Hello, My Name Is Croesus
By Jane Hodges

(FORTUNE Magazine) – July's rally around Internet stocks added two new names--Jerry Yang and David Filo--to America's growing list of Gen X billionaires.

The recent stock runup helped the 29-year-old Yang, a Yahoo co-founder, cross the billion-dollar mark on July 6. Filo, his 32-year-old partner, had been waiting for him across the ten-digit divide since July 2, the day Yahoo closed at 172 7/8. And Amazon.com's 34-year-old founder, Jeff Bezos, beat both the Yahoo boys to the punch in early June, then hit double-billionaire status on June 25. (For more on Bezos and Amazon.com, see Fortune Investor.)

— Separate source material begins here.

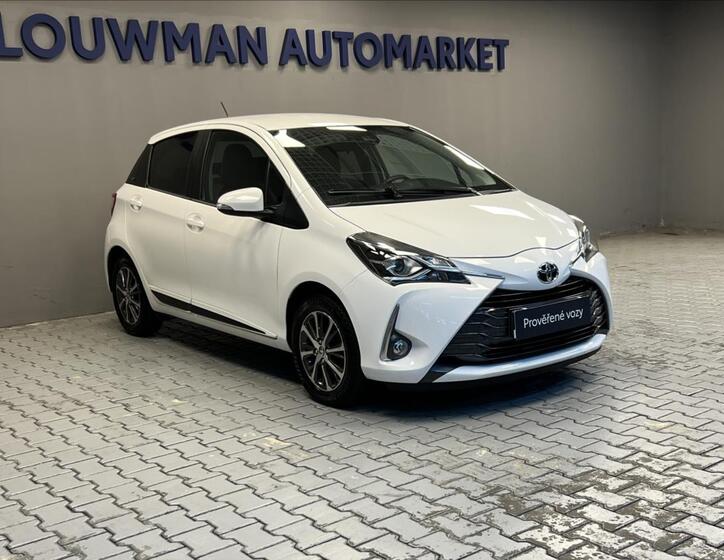 Toyota Yaris 12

Though Bezos seems securely entrenched, the Yahoo duo's status in the Buffett-and-Gates club is still a tad shaky: A stock stall that started on July 7 threatened to send them back to centimillionaire-hood, but at the time FORTUNE went to press, they maintained their new state of grade-A, three-comma luxe. (Jealous losers take note: Yang falls below the billionaire line if Yahoo dips below $174, Filo when it goes below 171 1/2; Bezos is out when Amazon.com sells below $50.)

Net stock skeptics can always reaffirm their world-view with the story of Jim Clark, the 54-year-old granddaddy of all Internet billionaires. Clark went billionaire in 1995 in the wake of Netscape Communications' hysteria-fueled IPO, when the stock climbed from a split-adjusted $14 to a peak of $86 per share. Three years later, with shares selling at $39, Clark's only worth a lousy $594 million. Poor guy.